TEMPO.CO, Jakarta - Ketua Satuan Tugas Waspada Investasi Otoritas Jasa Keuangan (OJK), Tongam L. Tobing, mengatakan perlu ada undang-undang yang mengatur mengenai layanan financial technology atau fintech khususnya pinjaman online.
"Kita membutuhkan Undang-Undang Fintech yang ada. Karena kalau kita liat fintech ilegal tidak ada undang-undang yang mengatakan tindak pidana," kata Tobing di Markas Besar Polri, Jakarta Selatan, pada Jumat, 2 Agustus 2019.
Tobing mengatakan, kehadiran fintech sendiri memang merupakan inovasi keuangan baru yang saat ini terus berkembang pesat.

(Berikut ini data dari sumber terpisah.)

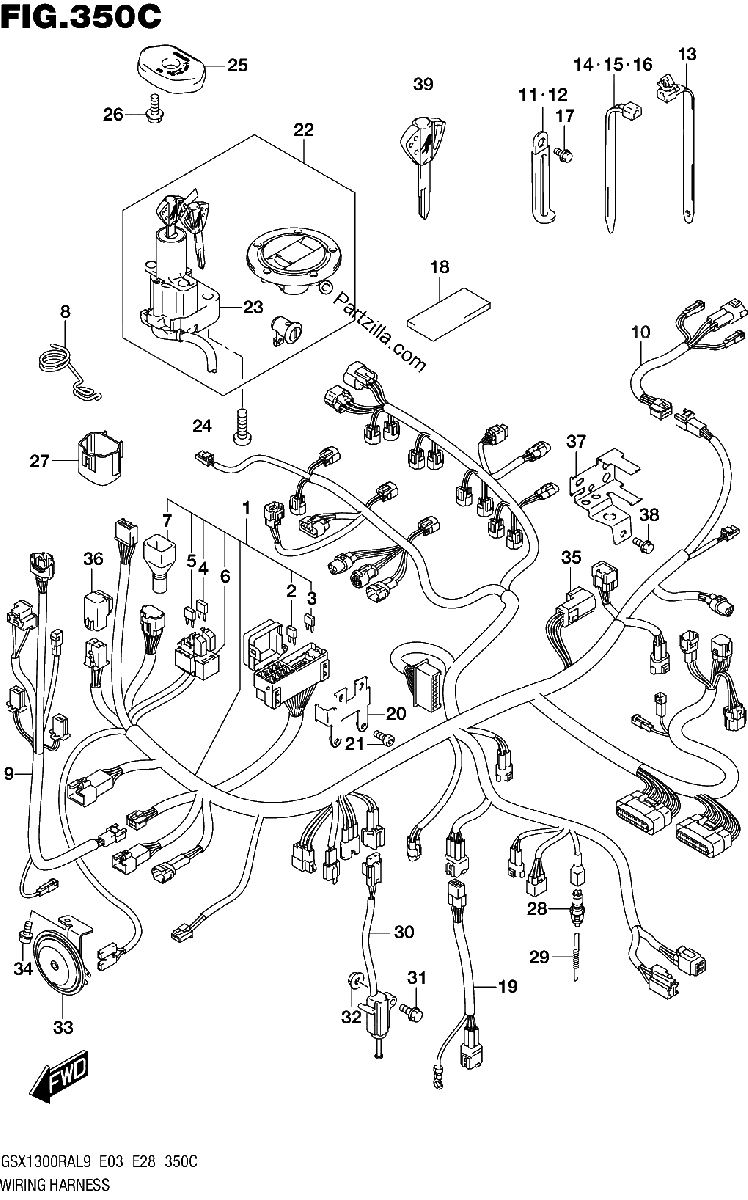 Diagrama de 350C WIRING HARNESS GSX1300RAL9 E33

Kendati demikian, fintech juga menimbulkan keresahan bagi masyarakat akibat timbulnya kejahatan jenis baru yang menggunakan fintech.

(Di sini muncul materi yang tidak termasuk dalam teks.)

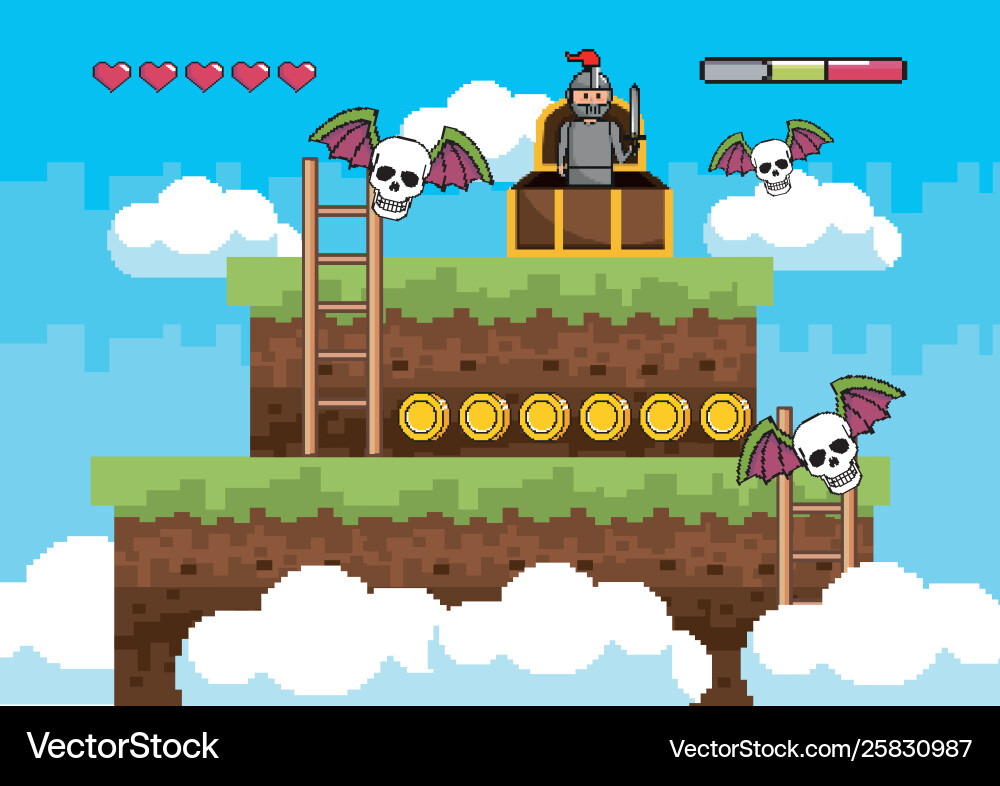 Arcade game world and pixel scene design vector image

Alhasil, Tobing memandang perlu adanya undang-undang yang mengatur mengenai fintech. Di mana, ada pasal yang mengatur perihal kegiatan fintech jika tidak berizin dan terdaftar di OJK, akan masuk dalam tindak pidana.
"Itu inisiatif pemerintah dan DPR tentunya, dan kami Satgas Waspada Investasi siap memberikan masukan," kata Tobing.
Kasubdit II Direktorat Tindak Pidana Siber Bareskrim Polri Komisaris Besar Rickynaldo mengatakan, ada beberapa tindakan yang membuat polisi dapat menjerat seseorang dalam kasus financial technology (fintech), yakni apabila ada penyadapan data, penyebaran data pribadi, pengiriman gambar-gambar porno, pencemaran nama baik, pengancaman, manipulasi data, dan ilegal akses.
"Hal-hal itu bisa kami jerat di dalam pasal-pasal yang sudah terangkum dalam Undang-Undang ITE. Sementara untuk fintech ilegal, belum kami temukan pasalnya," ucap Rickynaldo.